We have a two-part bedtime ritual around our house. We read the boys a story from one of the many picture books that they have in their library, and we tell them a “once-upon-a-time“. The former is likely pretty typical, as bedtime rituals go, but the “once-upon-a-time” idea began one night quite by accident. I was having a particularly tough time getting Luke to sleep and, after exhausting all of my teaching brilliance (and after exhausting myself), I spontaneously began, “Once upon a time, there was a little boy named Luke…”
I can’t remember how the story continued, but I did remember that it settled Luke enough that he fell asleep shortly after. That was three years ago and to this day, both Luke and Liam ask for a “once-upon-a-time” before they go to sleep. They will often forgo the book in favour of the oral story.
The difference between the two elements of the bedtime ritual is that the book-based story is almost always accompanied by pictures. The “once-upon-a-time”, however, is based on imagination. It originates in my own imagination (usually in anon-the-spotmanner) and connects with the imagination of the boys using only oral language.
Earlier this month, Malkin Dare from the Society for Quality Education cited an article suggesting that we might be doing our kids a disservice by exposing them to too many picture books. The suggestion was that the combination of words and related pictures might be distracting early readers from the process of actually learning to read.
Kieran Egan is equally concerned about a reliance on picture books, but for different reasons than the folks at SQE. In The Future of Education, Egan comments:
We, similarly, give children storybooks full of illustrations. nearly all young children will be engaged more by an oral story toldy by an adult—even when told hesitantly, stublingly—than by one read with many visually attractive illustrations. At least, this is the case when children have actually heard a story told. Many children today never expierence this. Either they watch movies, or TV, or, at best, have a story read to them while they look at the pictures. Given the importance of generating images from words in the development of the imagination, many children—often those from affluent backgrounds—suffer impoverishment of this tool from the beginning.

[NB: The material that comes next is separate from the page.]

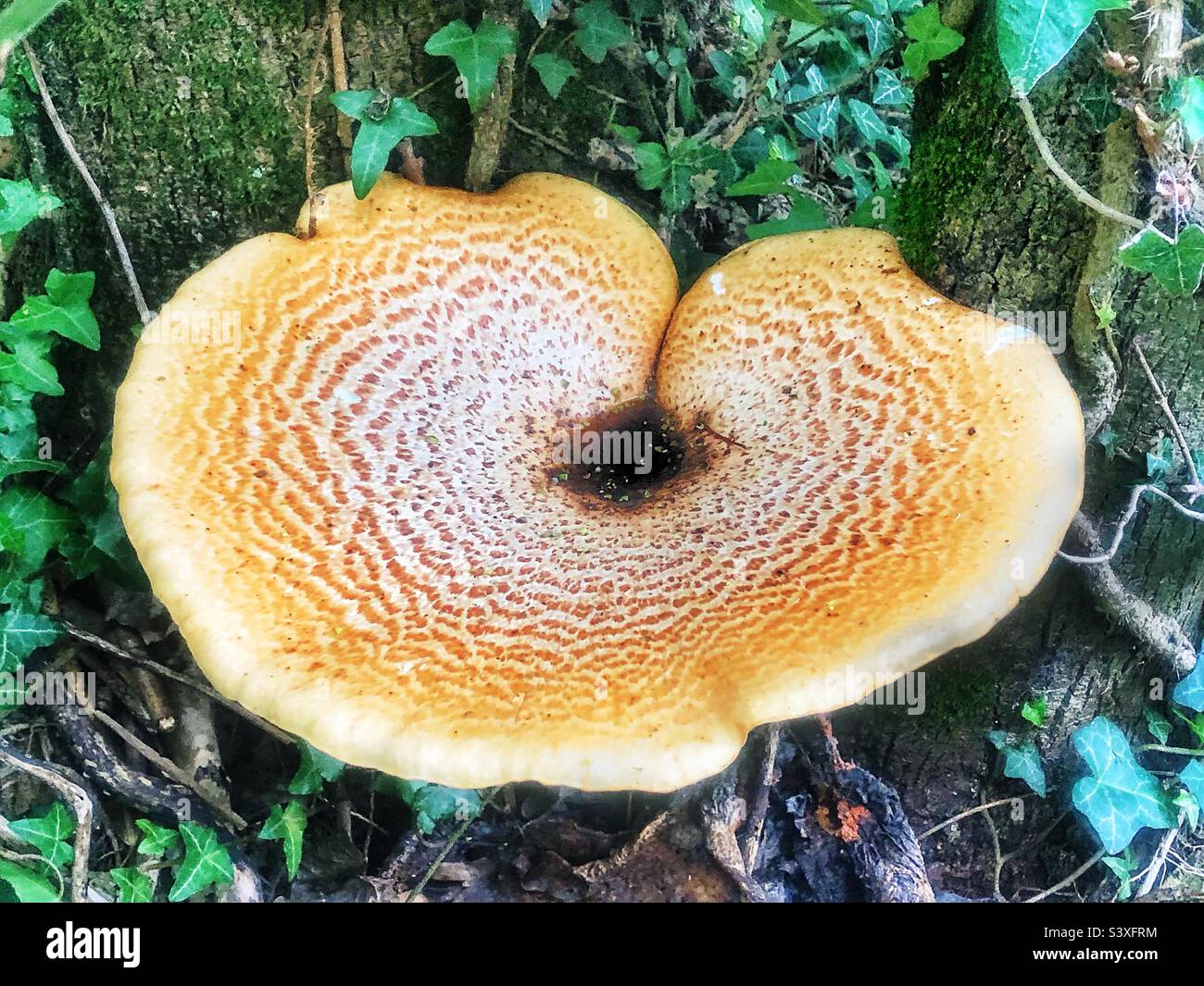 Large bracket fungus in Winchester woodland United Kingdom - Smartphone Captured Stock Image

This makes sense to me; in fact, it might explain my reluctance to go see films that have been adapted from my favourite books. I have already created very strong images of the characters, the setting and the action of the story. And you know what? With very few exceptions, the screenplay has never quite captured the world that I have created on my own.
According to Egan, it’s one of the powerful cognitive tools through which we come to know and think about the world in a very powerful, abstract way.
Much more to say about this, but I’ll leave you with a couple of questions.
Is it possible that our school-based love affair with early, middle and later literacy have pushed to the side the power and the joy of imaginative development. How do you nurture imagination in your own children or in your students? What do your children still have in their lives that “tickles their imagination”?